Jemisin does an excellent job weaving together the three pieces of narrative in a way that is satisfying even as you start to figure out how they interconnect. The plots build together, and while there are things that take on new meaning in retrospect, there's not really any "twist," so there's no eye rolling moment of "really?" but, rather, a series of "Oh, I think I see where this is going... ah, yes, that makes sense..." There's a lot of interesting things being explored here. Not just how far you can push people before they break--although there's that, too--but fear, how we adapt to and accept dehumanizing situations, loss, family, how catastrophe brings out the best and worst in us. For a book about an extinction level event, the story stays surprisingly grounded in the personal tragedies and experiences of a very small number of people.
I can't wait to jump into the second book, now.

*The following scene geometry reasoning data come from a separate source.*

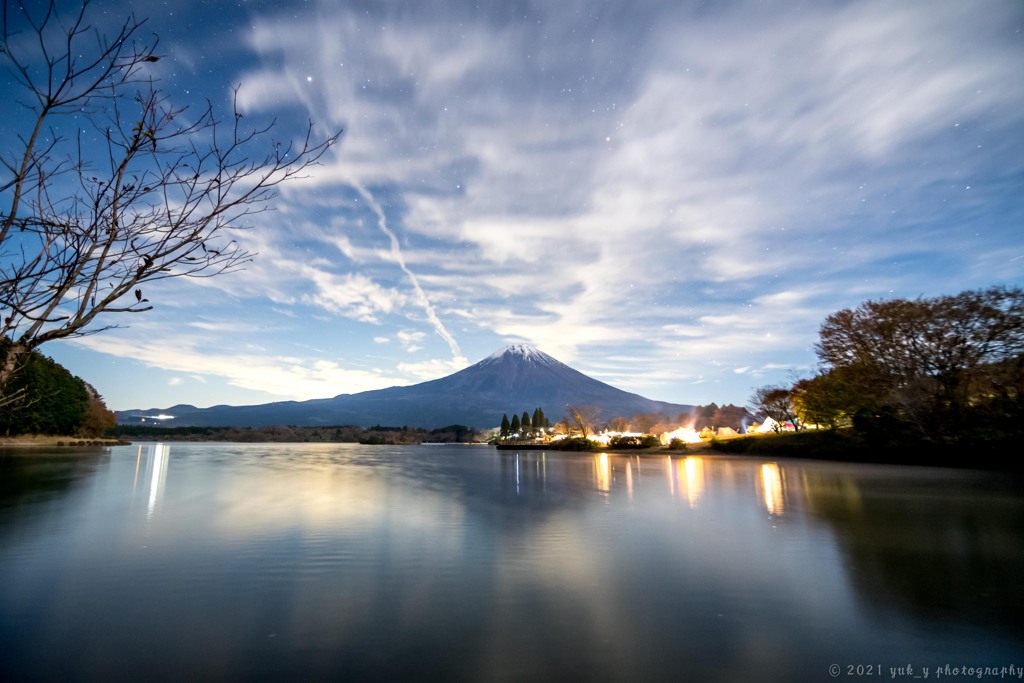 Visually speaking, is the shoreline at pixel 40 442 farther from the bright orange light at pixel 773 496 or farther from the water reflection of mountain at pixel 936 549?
the water reflection of mountain at pixel 936 549

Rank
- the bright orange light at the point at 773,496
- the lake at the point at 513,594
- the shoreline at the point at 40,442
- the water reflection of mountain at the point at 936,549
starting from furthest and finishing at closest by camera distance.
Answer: the shoreline at the point at 40,442 → the bright orange light at the point at 773,496 → the water reflection of mountain at the point at 936,549 → the lake at the point at 513,594

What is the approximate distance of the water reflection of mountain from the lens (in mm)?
4734

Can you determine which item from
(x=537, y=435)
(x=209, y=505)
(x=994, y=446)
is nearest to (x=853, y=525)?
(x=209, y=505)

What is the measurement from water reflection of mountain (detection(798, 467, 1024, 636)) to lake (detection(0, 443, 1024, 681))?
0.05m

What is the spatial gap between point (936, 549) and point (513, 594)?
21.9 ft

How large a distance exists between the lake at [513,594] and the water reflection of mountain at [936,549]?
5 centimetres

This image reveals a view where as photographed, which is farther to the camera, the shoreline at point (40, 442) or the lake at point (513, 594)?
the shoreline at point (40, 442)

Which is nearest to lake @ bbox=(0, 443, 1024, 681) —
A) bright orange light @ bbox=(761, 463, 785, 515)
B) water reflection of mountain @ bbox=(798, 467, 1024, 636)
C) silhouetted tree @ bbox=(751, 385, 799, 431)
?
water reflection of mountain @ bbox=(798, 467, 1024, 636)

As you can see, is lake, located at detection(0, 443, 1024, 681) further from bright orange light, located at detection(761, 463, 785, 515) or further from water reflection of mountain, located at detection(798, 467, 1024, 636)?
bright orange light, located at detection(761, 463, 785, 515)

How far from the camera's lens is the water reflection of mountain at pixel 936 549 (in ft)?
15.5

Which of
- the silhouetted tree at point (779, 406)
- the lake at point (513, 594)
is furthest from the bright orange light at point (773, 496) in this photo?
the silhouetted tree at point (779, 406)

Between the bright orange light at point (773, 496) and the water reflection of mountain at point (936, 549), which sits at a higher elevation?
the water reflection of mountain at point (936, 549)

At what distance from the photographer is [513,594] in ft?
16.9

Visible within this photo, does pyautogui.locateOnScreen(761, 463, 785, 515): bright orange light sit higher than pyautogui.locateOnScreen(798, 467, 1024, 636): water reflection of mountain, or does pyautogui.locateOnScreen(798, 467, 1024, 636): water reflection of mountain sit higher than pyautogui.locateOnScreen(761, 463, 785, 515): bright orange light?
pyautogui.locateOnScreen(798, 467, 1024, 636): water reflection of mountain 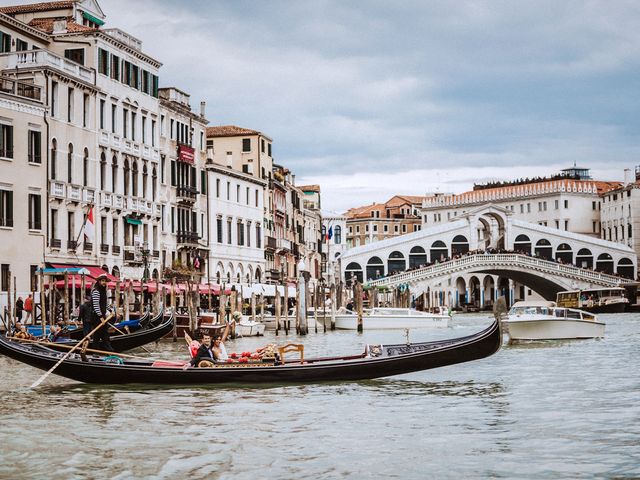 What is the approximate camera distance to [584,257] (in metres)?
61.4

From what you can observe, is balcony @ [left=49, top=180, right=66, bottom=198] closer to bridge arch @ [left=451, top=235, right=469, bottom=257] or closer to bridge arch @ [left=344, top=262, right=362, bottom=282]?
bridge arch @ [left=344, top=262, right=362, bottom=282]

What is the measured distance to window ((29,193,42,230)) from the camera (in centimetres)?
2483

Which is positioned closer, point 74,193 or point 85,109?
point 74,193

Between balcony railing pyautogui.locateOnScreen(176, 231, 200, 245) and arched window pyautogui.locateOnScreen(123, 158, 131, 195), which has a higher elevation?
arched window pyautogui.locateOnScreen(123, 158, 131, 195)

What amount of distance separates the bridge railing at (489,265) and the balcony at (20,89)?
28256 millimetres

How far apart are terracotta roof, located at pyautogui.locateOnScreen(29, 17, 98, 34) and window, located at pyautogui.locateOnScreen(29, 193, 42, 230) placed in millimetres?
5376

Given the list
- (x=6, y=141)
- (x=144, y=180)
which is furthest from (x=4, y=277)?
(x=144, y=180)

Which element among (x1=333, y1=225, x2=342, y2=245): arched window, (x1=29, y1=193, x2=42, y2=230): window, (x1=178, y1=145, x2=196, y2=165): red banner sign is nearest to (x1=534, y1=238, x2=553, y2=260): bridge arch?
(x1=333, y1=225, x2=342, y2=245): arched window

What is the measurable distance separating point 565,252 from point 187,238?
107 ft

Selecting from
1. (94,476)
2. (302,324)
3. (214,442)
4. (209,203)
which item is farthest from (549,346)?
(209,203)

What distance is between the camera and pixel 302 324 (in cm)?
2841

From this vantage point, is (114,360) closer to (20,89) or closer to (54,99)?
(20,89)

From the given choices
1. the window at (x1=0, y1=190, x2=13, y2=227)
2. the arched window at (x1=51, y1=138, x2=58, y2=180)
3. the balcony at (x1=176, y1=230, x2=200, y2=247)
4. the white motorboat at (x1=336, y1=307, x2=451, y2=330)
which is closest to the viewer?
the window at (x1=0, y1=190, x2=13, y2=227)

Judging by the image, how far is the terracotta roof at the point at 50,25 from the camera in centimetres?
2844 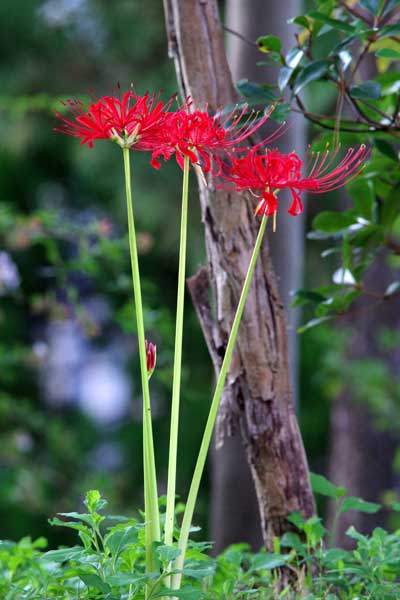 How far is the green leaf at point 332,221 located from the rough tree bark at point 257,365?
0.60ft

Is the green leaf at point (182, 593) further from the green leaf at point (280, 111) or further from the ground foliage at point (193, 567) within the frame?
the green leaf at point (280, 111)

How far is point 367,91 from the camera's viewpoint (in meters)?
1.40

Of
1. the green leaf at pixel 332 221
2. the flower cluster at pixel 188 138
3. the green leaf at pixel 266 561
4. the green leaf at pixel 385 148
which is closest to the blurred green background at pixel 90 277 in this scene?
the green leaf at pixel 332 221

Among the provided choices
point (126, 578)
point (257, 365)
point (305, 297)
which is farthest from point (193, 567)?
point (305, 297)

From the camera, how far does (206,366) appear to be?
558cm

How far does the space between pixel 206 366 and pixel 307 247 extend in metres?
1.11

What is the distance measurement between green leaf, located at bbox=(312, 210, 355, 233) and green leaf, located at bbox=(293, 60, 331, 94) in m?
0.32

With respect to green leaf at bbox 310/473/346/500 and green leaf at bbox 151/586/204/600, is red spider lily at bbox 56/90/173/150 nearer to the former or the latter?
green leaf at bbox 151/586/204/600

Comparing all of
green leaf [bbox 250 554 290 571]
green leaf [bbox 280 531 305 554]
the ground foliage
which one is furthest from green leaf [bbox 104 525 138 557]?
green leaf [bbox 280 531 305 554]

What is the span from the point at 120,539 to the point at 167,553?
0.32 feet

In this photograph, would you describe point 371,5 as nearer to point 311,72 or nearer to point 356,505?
point 311,72

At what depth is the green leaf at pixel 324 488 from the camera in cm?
146

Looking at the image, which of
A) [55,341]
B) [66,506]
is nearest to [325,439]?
[55,341]

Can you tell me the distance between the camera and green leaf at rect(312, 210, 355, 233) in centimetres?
164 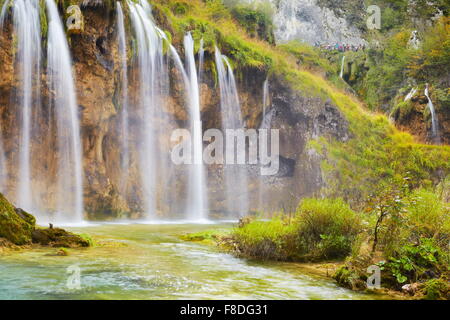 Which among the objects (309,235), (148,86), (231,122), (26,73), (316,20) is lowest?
(309,235)

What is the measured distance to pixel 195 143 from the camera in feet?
71.7

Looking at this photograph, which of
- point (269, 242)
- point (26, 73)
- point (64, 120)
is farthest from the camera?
point (64, 120)

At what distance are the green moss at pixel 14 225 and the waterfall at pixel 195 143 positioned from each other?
41.8 feet

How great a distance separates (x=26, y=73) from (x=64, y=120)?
2241 mm

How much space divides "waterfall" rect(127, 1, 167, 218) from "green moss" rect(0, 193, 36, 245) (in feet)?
37.2

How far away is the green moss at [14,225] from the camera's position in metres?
8.43

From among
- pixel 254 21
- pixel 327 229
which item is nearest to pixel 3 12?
pixel 327 229

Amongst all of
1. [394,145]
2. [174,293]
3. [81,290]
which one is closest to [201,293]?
[174,293]

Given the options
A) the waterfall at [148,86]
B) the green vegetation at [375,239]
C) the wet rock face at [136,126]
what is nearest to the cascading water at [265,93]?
the wet rock face at [136,126]

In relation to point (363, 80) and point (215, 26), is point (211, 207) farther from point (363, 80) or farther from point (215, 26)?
point (363, 80)

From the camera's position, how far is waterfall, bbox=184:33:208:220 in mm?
21562

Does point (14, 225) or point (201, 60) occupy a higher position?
point (201, 60)

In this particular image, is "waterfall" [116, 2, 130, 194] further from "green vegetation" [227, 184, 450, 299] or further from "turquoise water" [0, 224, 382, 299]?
"green vegetation" [227, 184, 450, 299]

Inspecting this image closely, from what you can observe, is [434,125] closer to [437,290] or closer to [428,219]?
[428,219] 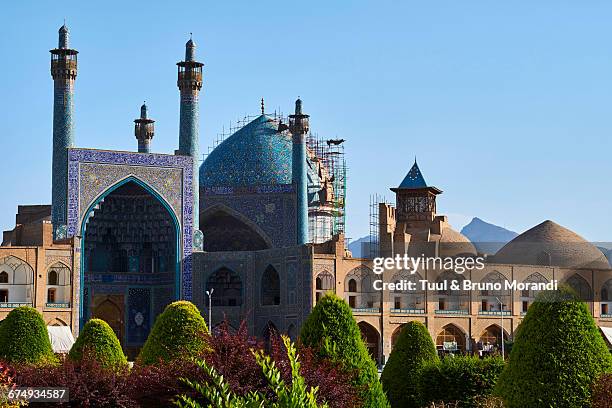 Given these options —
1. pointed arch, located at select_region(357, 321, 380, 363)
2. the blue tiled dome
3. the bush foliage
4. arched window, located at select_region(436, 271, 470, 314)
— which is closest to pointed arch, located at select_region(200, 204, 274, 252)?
the blue tiled dome

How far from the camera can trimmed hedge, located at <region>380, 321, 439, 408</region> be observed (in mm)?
20328

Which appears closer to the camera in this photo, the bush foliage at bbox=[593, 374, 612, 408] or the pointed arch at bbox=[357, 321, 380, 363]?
the bush foliage at bbox=[593, 374, 612, 408]

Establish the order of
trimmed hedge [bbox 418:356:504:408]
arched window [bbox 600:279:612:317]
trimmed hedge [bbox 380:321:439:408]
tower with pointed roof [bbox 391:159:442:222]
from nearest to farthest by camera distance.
→ 1. trimmed hedge [bbox 418:356:504:408]
2. trimmed hedge [bbox 380:321:439:408]
3. arched window [bbox 600:279:612:317]
4. tower with pointed roof [bbox 391:159:442:222]

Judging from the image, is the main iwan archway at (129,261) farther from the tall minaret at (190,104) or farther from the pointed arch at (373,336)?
the pointed arch at (373,336)

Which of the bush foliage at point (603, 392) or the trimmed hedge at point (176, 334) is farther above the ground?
the trimmed hedge at point (176, 334)

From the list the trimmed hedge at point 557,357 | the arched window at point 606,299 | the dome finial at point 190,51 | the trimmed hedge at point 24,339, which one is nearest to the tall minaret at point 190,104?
the dome finial at point 190,51

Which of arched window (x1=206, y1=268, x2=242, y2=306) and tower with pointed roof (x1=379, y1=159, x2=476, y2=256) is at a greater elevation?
tower with pointed roof (x1=379, y1=159, x2=476, y2=256)

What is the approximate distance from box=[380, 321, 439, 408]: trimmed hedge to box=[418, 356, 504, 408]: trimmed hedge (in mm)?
223

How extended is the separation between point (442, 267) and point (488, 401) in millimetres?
33176

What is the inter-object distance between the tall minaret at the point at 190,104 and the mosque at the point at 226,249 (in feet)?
0.19

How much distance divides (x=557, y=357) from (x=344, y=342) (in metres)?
3.42

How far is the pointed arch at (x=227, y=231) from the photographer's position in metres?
53.0

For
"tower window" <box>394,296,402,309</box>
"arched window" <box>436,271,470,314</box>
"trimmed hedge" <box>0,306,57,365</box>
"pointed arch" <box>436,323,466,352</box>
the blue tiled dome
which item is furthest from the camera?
the blue tiled dome

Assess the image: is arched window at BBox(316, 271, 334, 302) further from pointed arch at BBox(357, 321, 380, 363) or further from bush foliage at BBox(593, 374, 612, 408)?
bush foliage at BBox(593, 374, 612, 408)
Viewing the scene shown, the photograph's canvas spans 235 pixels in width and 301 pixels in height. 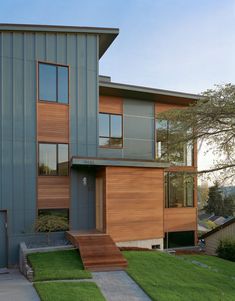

Immortal Hulk, Volume 1: Or is he Both?
This reminds me of Morrison's run on Batman; take one of the oldest comic characters still knocking around, push that character in a new direction while finding a way to include all of that character's long and complicated history, and make the whole thing interesting. Nicely done. Ewing takes Hulk back to basics, in some ways. He's the embodiment of Banner's rage? Okay: make him a monster. Hulk is scary, here, and better for it. Definitely worth checking out, and the first time I've been particularly interested in the Jade Giant.
Provenance (Imperial Radch)
As a fan of the Radch trilogy, I went into this expecting deep world building and an emphasis on interpersonal relationships (I think I called one of the last books "Sense and Sensibility in Space"?); I got exactly that, plus a heist, political intrigue, fun and interesting characters, a tense standoff, and weird robots. I'm sure there's perhaps a little too much "beings in charge learn a lesson about family" for some readers, but the one time it felt off to me was so minimal that it barely registered. Hoping to see more of the weird universe Leckie has created.
The Best Lies
Two Can Keep a Secret
A small New England town. A disappearance. Then, over a decade later, another girl is murdered, and, a few years later, another disappears. What, if anything, connects these crimes?
I liked this. The characters felt very real, and I appreciate that it avoids certain tropes that always stretch my suspension of disbelief. This ends up feeling as much about how secrets stunt emotional growth as about the murder and disappearances. Not quite as twisty and shocking as One of Us Is Lying, but a worthy follow up.
Carrier Wave
Once again, I find myself reading a book I don't remember anything about. I guess this must have been on some list or other, and I'm 99% sure that I thought it was a first contact sci-fi story. Spoiler: It is not. It is not really sci-fi at all, it's pretty much cosmic horror. That's not a bad thing, but, past Roybot should really have paid more attention to that fact.
Other reviews have made the comparison to World War Z, which is totally fair. Told in a series of short stories that eventually coalesce as a number of characters from earlier stories end up in the same place dealing with the same danger, it would be hard *not* to make the WWZ comparison.
That said, I liked WWZ, and the formula mostly works here, as well. Not perfectly; there are a few segments that feel a little slow or where there are "twists" that are pretty obvious well before they actually come up, but if you want a creepy horror story that comes from a weird direction that I, at least, haven't seen before, this is a solid selection.